Jeff, love the blog. I think you’re on the right track.

However, I won’t bow to you unless you can kick my butt in the Octagon. Bring it, buddy!

I like your posts much of the time, it’s your fan-base that annoys me!

The critique of your blog is laughable at some points and strong in others.

Just keep doing what you do and I’ll keep reading.

There’s an old adage that an ignorant person thinks they know everything but the wise person realizes they know nothing.

And now it’s backup by at least one scientific study:

http://www.sfgate.com/cgi-bin/article.cgi?file=/chronicle/archive/2000/01/18/MN73840.DTL

I hate to disagree but I think that Jeff /is/ an authority on programming, and that this blog is more than ample evidence that this is not necessarily a bad thing.

Certainly he is not a perfect expert, but noone is.

The content of the blogs is more evidence than any number of owned companies or previous projects worked on in my opinion. In fact none of these later things necessarily imply any expertise in the same way as the content of these blogs do, as they directly evidence his expertise.

The desire to achieve the things mentioned is mostly independent of the desire to be a skilled programmer. High profile projects and standards are great things to be a part of, but just like everything else there are probably 10 times as many low grade code monkeys involved than skilled lead developers (who need not be very skilled anyway). As for making a lot of money… all that evidences is greed in my opinion, as I’m sure many of the OSS supporters will agree.

What speaks to me more is that Jeff feels so passionately about programming that he feels he must share his views publicly… and while this may be vanity, I do not believe that is his primary motivation, or else what we would see on coding horror would be a ton of self agrandising posts.

Of course, I have never owned a software company and have never held a job in the software industry. Therefore any of my opinions or logic can be immediately discarded without rationalisation, at least that is the impression that I get most of the time.

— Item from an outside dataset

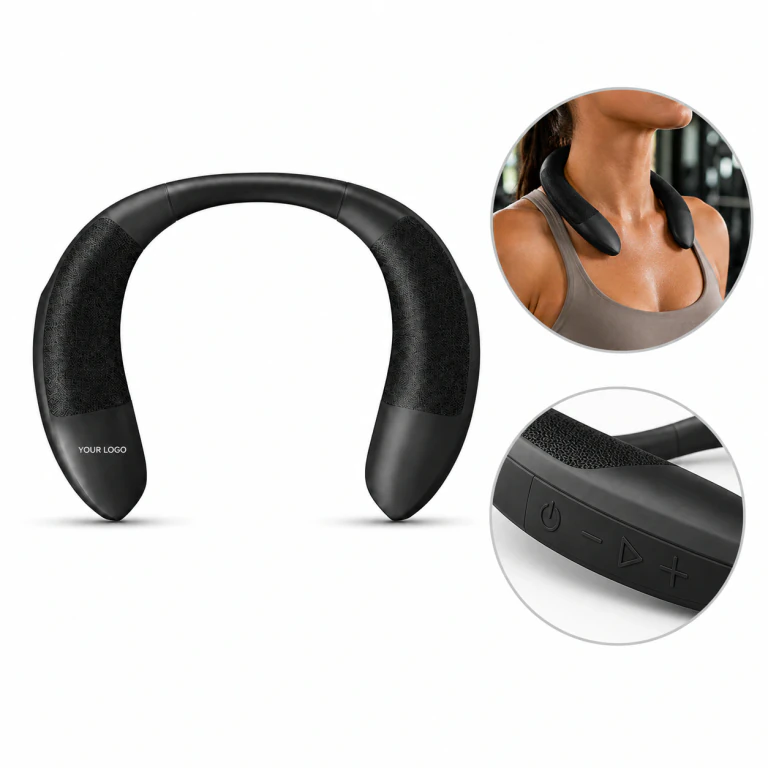 Neck Wireless Bluetooth Speaker with 3D HD Sound, Mic, 12H Playtime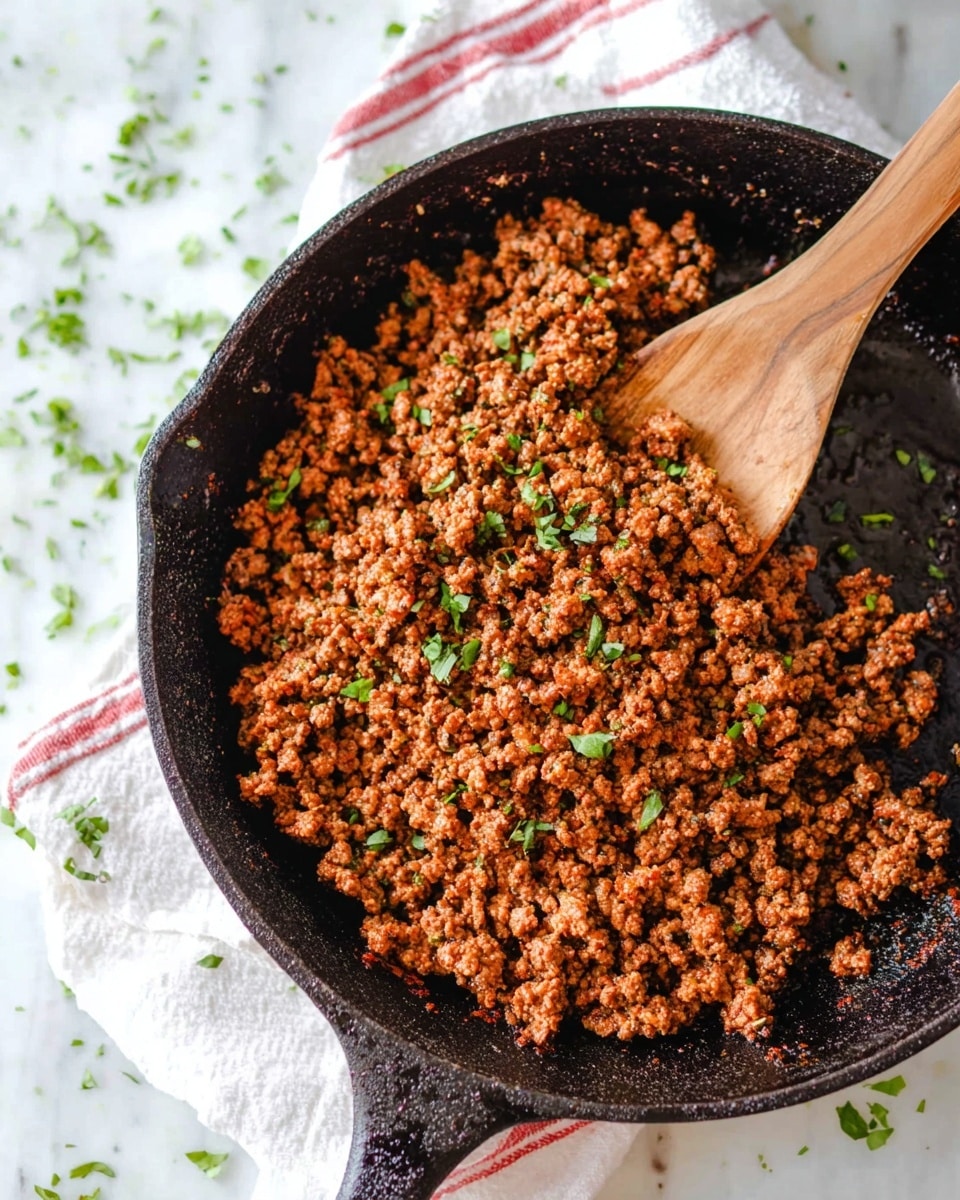 A close-up of a black cast iron pan filled with cooked ground meat, browned with a slightly reddish color and small green herb bits sprinkled on top. A wooden spoon is resting inside the pan, partially stirring the meat. The pan sits on a white cloth with red stripes, placed on a white marbled surface scattered with small green herb leaves. photo taken with an iphone --ar 4:5 --v 7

Don’t get me wrong though… I am a very bad programmer. Magic numbers and single letter variable names abound. Not to mention all of the permanently unfinished projects. :slight_smile:

"There’s a word for you, Jeff:

You’re a writer. (And a good one.)
Ben on May 30, 2008 07:14 PM "

Cheers to that

Why do I read this blog? It’s not because you’re an expert, or infallible. Heck, I think you are wrong about 50% of the time anyways, which is fine. It’s more that you cover a wide range of little topics that gets me thinking, and even if I disagree with you, I’m better off having thought about why I disagree with you. You are a stimulus, not an expert. And that’s a good thing to have—it gets the brain working, on a variety of topics.

I’ll reiterate what others have said here.

I don’t always agree with you, but you present your case with reason, you have interesting insights even when I don’t agree with your premise, and in general, I find the discussion on your blog interesting and worth reading.

I don’t see how he can say you’re professing to be some kind of expert, you just discuss things as they come to you, and if thinking about your profession out loud is wrong, then I guess he isn’t a very good programmer either. =)

This is much better Jeff but, by concentrating on blogging and realising that you have garnered such a large audience, this must make any of your opinions or statements much more considered. I appreciate the dry humour and occasional cheeky swipe at something, but there are too many people reading your articles who could mistake the manner intended or, worse, adopt it as their own opinion entirely! Take more care to research thoroughly before bringing out any articles similar to the XML or PHP ones again! Your takes on development philosophies are more interesting and thought-provoking.

Well, now that the elephant is in the room. How about some posts that include a bit of code that you are writing for StackOverflow?